Management Data Input/Output (MDIO), also known as Serial Management Interface (SMI) or Media Independent Interface Management (MIIM), is a serial bus defined for the Ethernet family of IEEE 802.3 standards for the Media Independent Interface, or MII. The MII connects media access control (MAC) devices with Ethernet physical layer (PHY) circuits. The MAC device controlling the MDIO is called the Station Management Entity (SME).

== Relationship to MII ==
MII has two signal interfaces:
- A Data interface to the Ethernet MAC, for sending and receiving Ethernet frame data.
- A PHY management interface, MDIO, used to read and write the control and status registers of the PHY in order to configure each PHY before operation, and to monitor link status during operation.

== Electrical specification ==
The MDIO interface is implemented by two signals:
- MDIO Interface Clock (MDC): clock driven by the MAC device to the PHY.
- MDIO data: bidirectional, the PHY drives it to provide register data at the end of a read operation.
The bus only supports a single MAC as the master, and can have up to 32 PHY slaves.

The MDC can be periodic, with a minimum period of 400 ns, which corresponds to a maximum frequency of 2.5 MHz. Newer chips, however, allow faster accesses. For example, the DP83640 supports a 25 MHz maximum clock rate for MDC.

The MDIO requires a specific pull-up resistor of 1.5 kΩ to 10 kΩ, taking into account the total worst-case leakage current of 32 PHYs and one MAC.

== Bus timing (clause 22)==
Before a register access, PHY devices generally require a preamble of 32 ones to be sent by the MAC on the MDIO line. The access consists of 16 control bits, followed by 16 data bits. The control bits consist of 2 start bits, 2 access type bits (read or write), the PHY address (5 bits), the register address (5 bits), and 2 "turnaround" bits.

During a write command, the MAC provides address and data. For a read command, the PHY takes over the MDIO line during the turnaround bit times, supplies the MAC with the register data requested, then releases the MDIO line.

When the MAC drives the MDIO line, it has to guarantee a stable value 10 ns (setup time) before the rising edge of the clock MDC. Further, MDIO has to remain stable 10 ns (hold time) after the rising edge of MDC.
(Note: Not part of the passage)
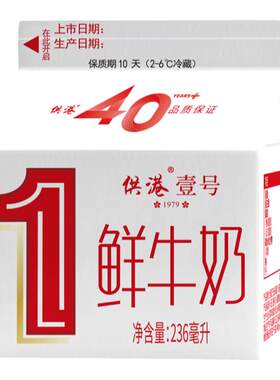 低温晨光低温鲜奶供港236ml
When the PHY drives the MDIO line, the PHY has to provide the MDIO signal between 0 and 300 ns after the rising edge of the clock. Hence, with a minimum clock period of 400 ns (2.5 MHz maximum clock rate) the MAC can safely sample MDIO during the second half of the low cycle of the clock.

==MDIO Packet Format (clause 22)==

MDIO Packet Format
Bit:: 0; 1; 2; 3; 4; 8; 9; 13; 14; 15; 16; 31
0: PRE_32
32: ST; OP; PA5; RA5; TA; D16

PRE_32

The first field in the MDIO header is the Preamble. During the preamble, the MAC sends 32 bits, all '1', on the MDIO line.

ST

The Start field consists of 2 bits and always contains the combination '01'.

OP

The Opcode consists of 2 bits. There are two possible opcodes, read '10' or write '01'.

PA5

5 bits, PHY address.

RA5

The Register Address field indicates the register to be written to or read from. It is 5 bits long.

TA

The turn-around field is 2 bits long. When data is being written to the PHY, the MAC writes '10' to the MDIO line. When data is being read, the MAC releases the MDIO line.

D16

16 bits, data. This can be sent by either the SME or the PHY, depending on the value of the OP field.

Z

Tristate MDIO.

== Commands ==
IEEE 802.3 Part 3 use different opcodes and start sequences. Opcodes 00(set address) and 11(read)/01(write)/10(read increment) are used as two serial transactions to read and write registers.